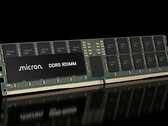 Module de mémoire DDR5 RDIMM de Micron. La nouvelle version de 512 Go proposée par l’entreprise pourrait permettre d’atteindre jusqu’à 12 To de mémoire vive dans un seul serveur.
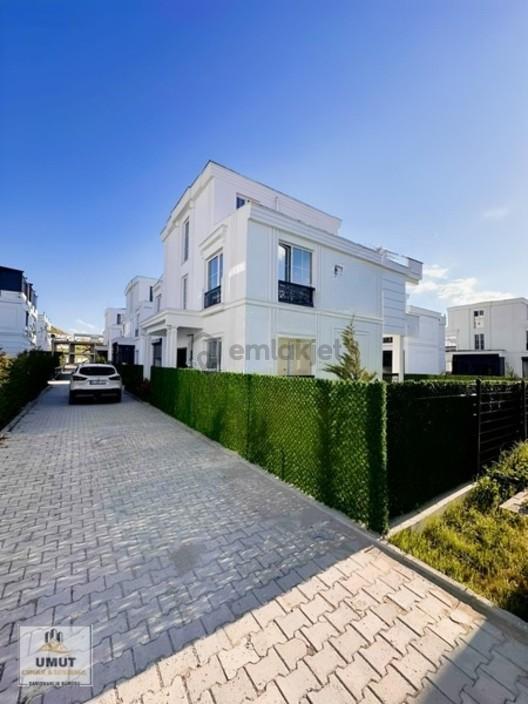 Edremit'te Hilton Oteli Arkasında Satılık 6+1 Triplex Villa - 5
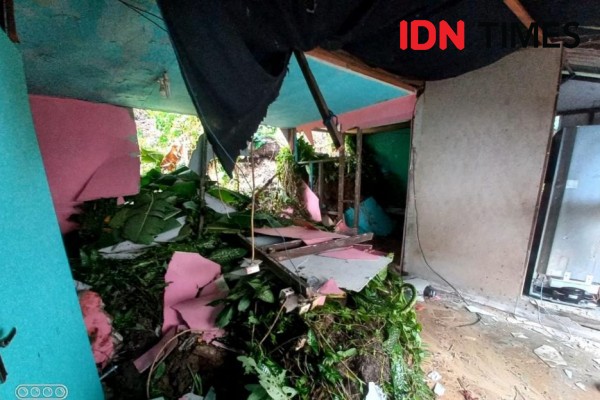 Hujan Semalaman, Tanah Longsor Menerjang Rumah Warga di Balikpapan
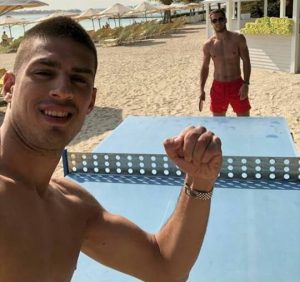 ZABAVA U DUBAIJU: Vujadin Savić pobedio saigrača u stonom i velikom tenisu, pa ga ‘prozvao’ na Instagramu (FOTO)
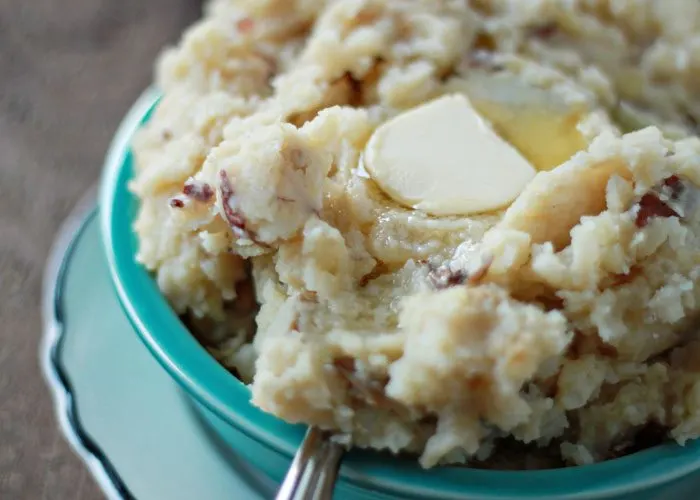 Oh-So-Easy-Crock-Pot-Garlic-Mashed-Potatoes2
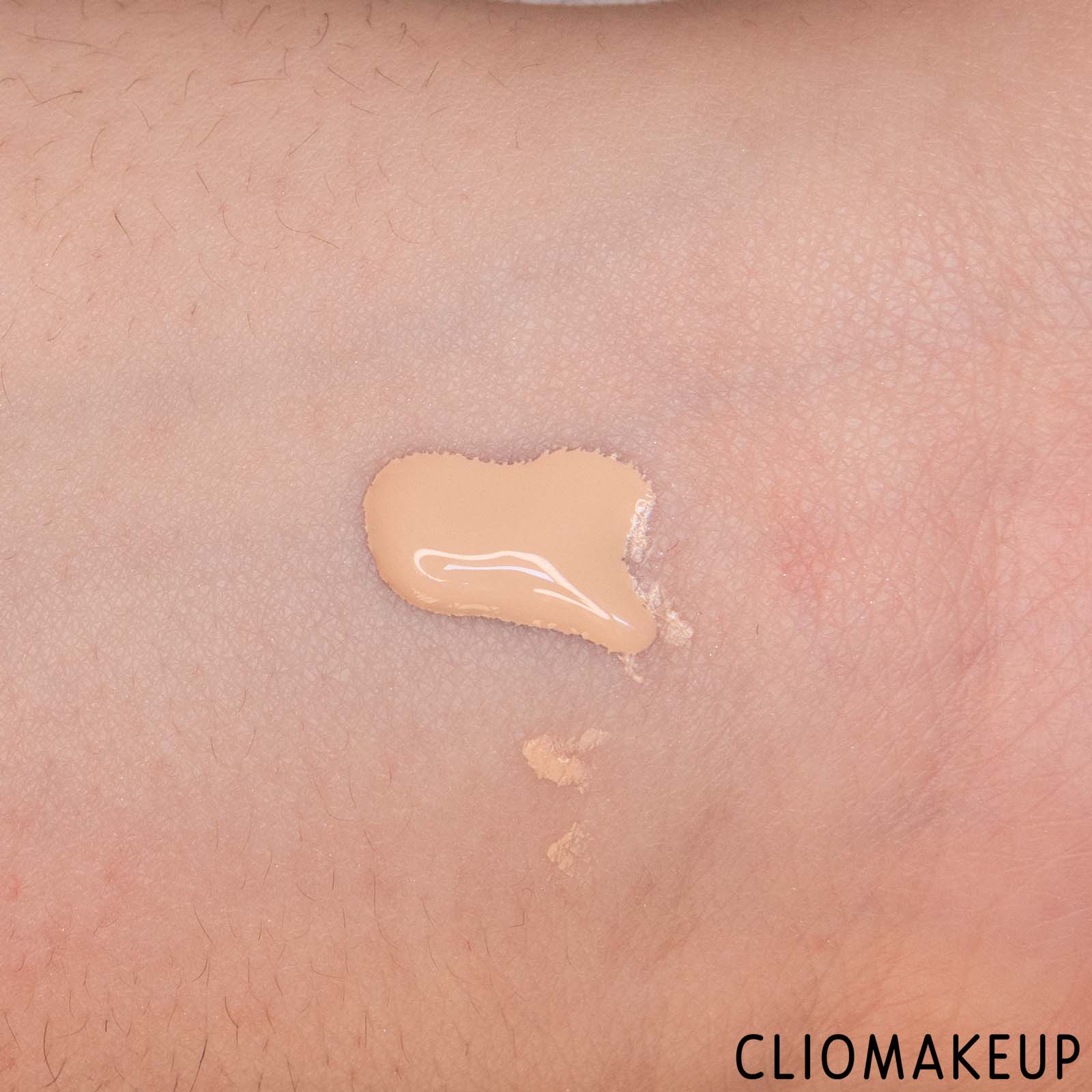 cliomakeup-recensione-fondotinta-makeup-revolution-conceal-e-glow-illuminating-foundation-7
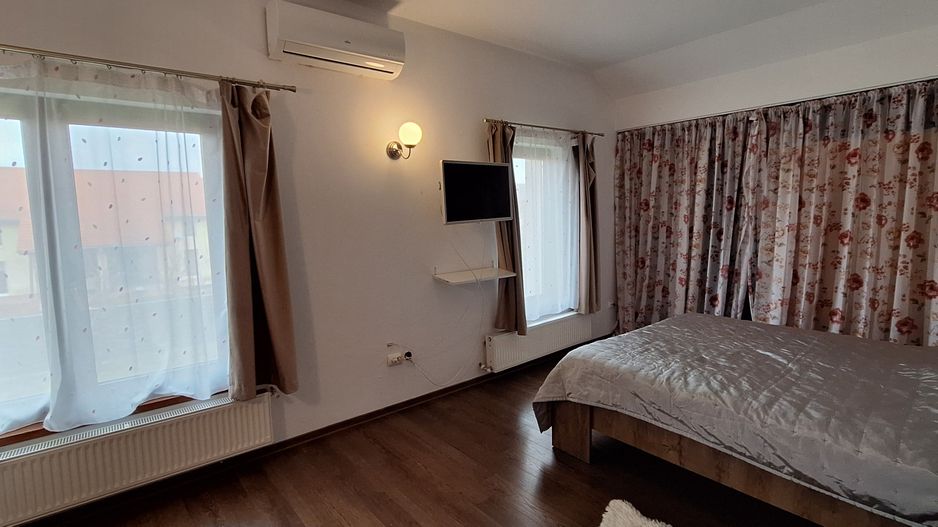 Casa individuala frumoasa si spatioasa in Giroc - Poză 31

§ **WHAT NEEDS TO BE DONE**: Exact copy, no pictures: set down all the entries again as they stand.

§ **EXERCISE RESPONSE**:
 Module de mémoire DDR5 RDIMM de Micron. La nouvelle version de 512 Go proposée par l’entreprise pourrait permettre d’atteindre jusqu’à 12 To de mémoire vive dans un seul serveur.
 Edremit'te Hilton Oteli Arkasında Satılık 6+1 Triplex Villa - 5
 Hujan Semalaman, Tanah Longsor Menerjang Rumah Warga di Balikpapan
 ZABAVA U DUBAIJU: Vujadin Savić pobedio saigrača u stonom i velikom tenisu, pa ga ‘prozvao’ na Instagramu (FOTO)
 Oh-So-Easy-Crock-Pot-Garlic-Mashed-Potatoes2
 cliomakeup-recensione-fondotinta-makeup-revolution-conceal-e-glow-illuminating-foundation-7
 Casa individuala frumoasa si spatioasa in Giroc - Poză 31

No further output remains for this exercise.